# [Provided material]
++++++
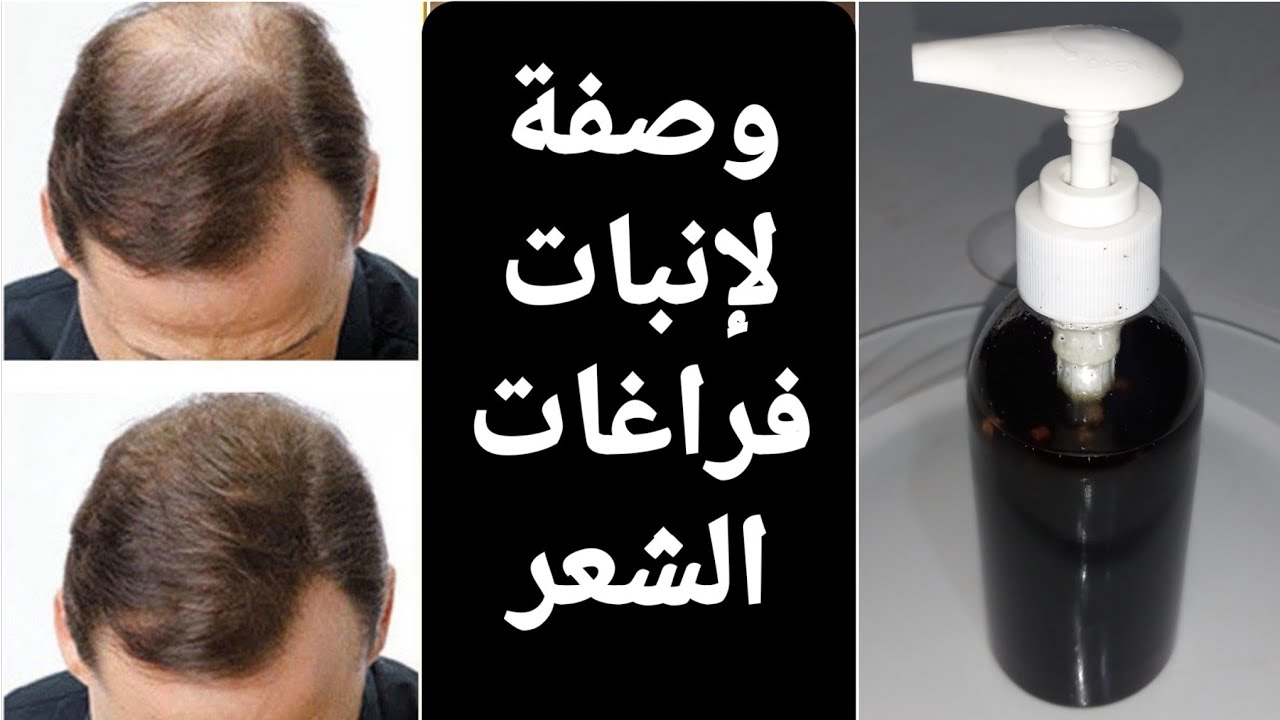 وصفة طبيعية لإنبات فراغات الشعر
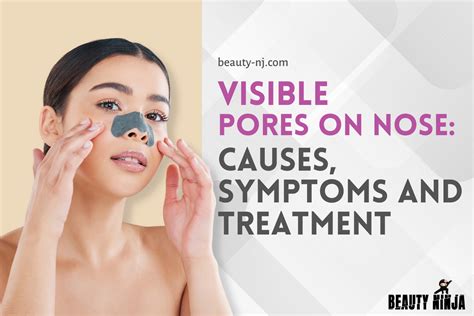 Visible Pores On Nose Causes Symptoms And Treatment Beauty Ninja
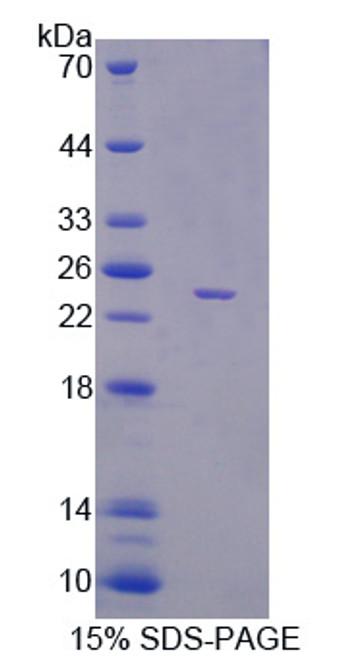 Mouse Recombinant Phosphatidylethanolamine Binding Protein 1 (PEBP1)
++++++
# [Assignment]
What is needed is a verbatim copy of the material, minus its pictures.

# [Solution]
 وصفة طبيعية لإنبات فراغات الشعر
 Visible Pores On Nose Causes Symptoms And Treatment Beauty Ninja
 Mouse Recombinant Phosphatidylethanolamine Binding Protein 1 (PEBP1)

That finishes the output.